Sunday, October 5, 2014

Another Idler



Most literary people when they think of past magazines called The Idler would cite Samuel Johnson’s famous miscellany and Jerome K Jerome’s humorous organ of the1890s. Today’s Idler is edited by the anti-corporatist and ukelele enthusiast Tom Hodgkinson, author of How to be Free. But there was another Idler, which is, as yet, unknown to Wikipedia, and indeed has a very, very low online profile.

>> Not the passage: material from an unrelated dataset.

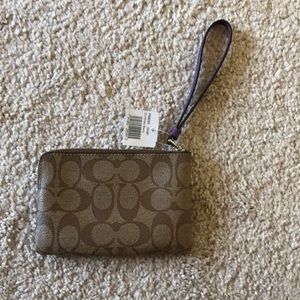 Coach Bags - Coach wristlet Coach Bags - Coach wristlet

This Idler, a tabloid format miscellany printed on newsprint, edited by Sci-Fi writer James Parkhill-Rathbone, and published by ‘Editorial Associates’, existed for a short time around 1966 and then folded. Published quarterly from the editor’s home, the Old Crown, Wheatley, a former coaching inn, it called itself an ‘entertainment’, which is about right,
since most of the articles are middlebrow excursive essays on a variety of literary and art-related topics with decorations by classic illustrators such as Pennell, and Charles Brock and contemporary artists, including Edward Ardizonne. Much of the material reflects the tastes of its  middle-class and middlebrow editor, who after working in publishing and as an editorial assistant for Science Fantasy, settled down to a life as a writer of pretty conventional science fiction. What makes him a little unusual among the Sci-Fi community is the informed passion for art and architecture, which emerges from much of his work for the Idler.

It is no surprise, for instance, that the middle-of-the road travel writings of Cyril Upton, author of a slim volume entitled The Perfumed Pen (1937) and Musings in Provence and Beyond (1955) comprise much of the Idler content. Nor that the work of another Sci-Fi writer, the much younger and more talented Josephine Saxton, who enjoyed gardening and shared Parkhill-Rathbone’s love of old houses, also appeared. Interestingly, given that both made their names in science fiction, and indeed Saxton’s ‘ feminist’ Sci-Fi was later to earn her the label of being a ‘ true original’, no material of that kind can be detected in any of the issues of The Idler that we have examined.

The souped-up Robert Lynd and E.V.Lucas-style musings and a few reprinted extracts from classic authors and some living ones don’t make for exciting reading, but the Idler did publish extracts from novels by William Gerhardie and a few more academic pieces, notably some perceptive art criticism by the twenty-eight year old Marina Vaizey. Her lengthy, perceptive, exegesis of Ardizonne’s work stands out boldly from the Sunday supplement content of one issue, as does her description of a visit to the V & A. in another.  [RMH]

1 comment:

  1. Hello jot101! I have enjoyed this Idler themed post and enjoy other posts here also, just wanted to say ahoy!